Given fruit shop consists of two types of fruits i.e., Oranges and Mangoes

The number of oranges is three times the number of mangoes :

⇒ oranges = 3 × mangoes

⇒ oranges/mangoes = 3/1

Total ration of oranges and mangoes = 3 + 1 = 4

Total number of fruits = oranges + mangoes

Total number of fruits = 3 × mangoes + mangoes

Total number of fruits = 4 × mangoes

1) Consider total number of fruits = 44

⇒ 44 = 4 × mangoes

⇒ mangoes = 11

⇒ oranges = 3 × mangoes = 3 × 11 = 33

2) Consider total number of fruits = 42

⇒ 42 = 4 × mangoes

42 is not divisible by 4 so, 42 cannot the total number of fruits in the shop.

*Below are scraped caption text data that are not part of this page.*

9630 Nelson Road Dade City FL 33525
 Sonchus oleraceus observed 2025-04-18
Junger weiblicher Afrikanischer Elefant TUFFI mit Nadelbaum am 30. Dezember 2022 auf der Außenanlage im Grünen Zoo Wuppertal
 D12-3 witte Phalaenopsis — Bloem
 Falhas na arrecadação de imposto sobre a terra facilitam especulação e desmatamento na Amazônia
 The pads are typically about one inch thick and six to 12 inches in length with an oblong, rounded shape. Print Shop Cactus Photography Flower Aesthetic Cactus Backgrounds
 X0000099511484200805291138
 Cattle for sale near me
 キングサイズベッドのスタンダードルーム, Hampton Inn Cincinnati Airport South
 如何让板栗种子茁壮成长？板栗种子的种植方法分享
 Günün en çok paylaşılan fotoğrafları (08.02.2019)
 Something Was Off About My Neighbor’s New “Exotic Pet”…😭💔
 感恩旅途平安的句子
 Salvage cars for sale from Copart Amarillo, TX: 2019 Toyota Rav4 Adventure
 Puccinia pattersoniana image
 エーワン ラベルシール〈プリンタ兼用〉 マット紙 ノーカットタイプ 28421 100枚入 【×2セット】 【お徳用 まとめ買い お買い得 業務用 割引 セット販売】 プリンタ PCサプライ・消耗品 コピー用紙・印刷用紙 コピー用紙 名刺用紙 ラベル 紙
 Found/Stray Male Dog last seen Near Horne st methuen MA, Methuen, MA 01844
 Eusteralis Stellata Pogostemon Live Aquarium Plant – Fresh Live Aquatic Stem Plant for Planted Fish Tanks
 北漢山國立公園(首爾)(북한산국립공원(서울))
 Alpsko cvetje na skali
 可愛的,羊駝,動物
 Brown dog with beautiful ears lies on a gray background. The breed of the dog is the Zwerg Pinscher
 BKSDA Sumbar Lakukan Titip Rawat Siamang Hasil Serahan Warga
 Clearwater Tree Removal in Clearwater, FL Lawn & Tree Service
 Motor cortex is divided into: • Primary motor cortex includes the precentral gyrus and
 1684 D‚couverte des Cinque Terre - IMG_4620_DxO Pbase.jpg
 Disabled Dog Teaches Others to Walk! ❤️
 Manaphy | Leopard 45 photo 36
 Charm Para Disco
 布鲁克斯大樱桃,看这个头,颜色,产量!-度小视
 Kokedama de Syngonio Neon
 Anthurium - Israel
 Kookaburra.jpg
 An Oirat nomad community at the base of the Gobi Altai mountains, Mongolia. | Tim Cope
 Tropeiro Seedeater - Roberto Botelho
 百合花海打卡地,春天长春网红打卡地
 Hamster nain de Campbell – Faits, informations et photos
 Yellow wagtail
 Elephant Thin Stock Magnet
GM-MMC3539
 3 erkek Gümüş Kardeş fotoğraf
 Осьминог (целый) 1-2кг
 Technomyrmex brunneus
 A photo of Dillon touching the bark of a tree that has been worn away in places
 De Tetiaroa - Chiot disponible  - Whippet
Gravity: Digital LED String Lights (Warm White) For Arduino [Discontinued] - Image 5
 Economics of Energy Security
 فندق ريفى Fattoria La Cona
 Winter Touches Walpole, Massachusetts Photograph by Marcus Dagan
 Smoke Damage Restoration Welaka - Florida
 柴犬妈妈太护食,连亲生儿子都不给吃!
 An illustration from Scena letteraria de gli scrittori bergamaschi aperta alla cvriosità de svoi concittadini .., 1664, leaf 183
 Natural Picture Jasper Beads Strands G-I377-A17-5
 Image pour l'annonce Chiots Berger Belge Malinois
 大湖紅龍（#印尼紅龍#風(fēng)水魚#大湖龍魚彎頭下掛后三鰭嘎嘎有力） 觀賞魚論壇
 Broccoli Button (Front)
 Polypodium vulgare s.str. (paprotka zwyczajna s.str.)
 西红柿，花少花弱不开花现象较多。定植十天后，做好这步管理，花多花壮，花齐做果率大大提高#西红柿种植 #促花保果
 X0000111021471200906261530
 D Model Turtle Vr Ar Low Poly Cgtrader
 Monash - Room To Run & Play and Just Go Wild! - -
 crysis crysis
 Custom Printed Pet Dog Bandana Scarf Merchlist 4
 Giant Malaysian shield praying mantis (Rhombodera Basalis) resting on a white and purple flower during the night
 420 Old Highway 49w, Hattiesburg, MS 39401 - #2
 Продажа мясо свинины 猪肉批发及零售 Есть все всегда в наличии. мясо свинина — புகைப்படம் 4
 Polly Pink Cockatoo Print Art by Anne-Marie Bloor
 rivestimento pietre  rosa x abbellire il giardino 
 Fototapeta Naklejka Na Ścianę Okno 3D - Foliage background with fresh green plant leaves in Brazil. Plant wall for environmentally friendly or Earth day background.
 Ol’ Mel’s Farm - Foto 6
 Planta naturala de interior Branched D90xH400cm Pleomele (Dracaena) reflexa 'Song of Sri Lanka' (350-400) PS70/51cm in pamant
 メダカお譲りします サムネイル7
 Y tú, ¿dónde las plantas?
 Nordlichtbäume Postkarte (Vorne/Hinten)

3) Consider total number of fruits = 48

⇒ 48 = 4 × mangoes

⇒ mangoes = 12

⇒ oranges = 3 × mangoes = 3 × 12 = 36

4) Consider total number of fruits = 40

⇒ 40 = 4 × mangoes

⇒ mangoes = 10

⇒ oranges = 3 × mangoes = 3 × 10 = 30

∴ Here, 'Total number of fruits in shop cannot be 42'.

Hence, the correct answer is "42".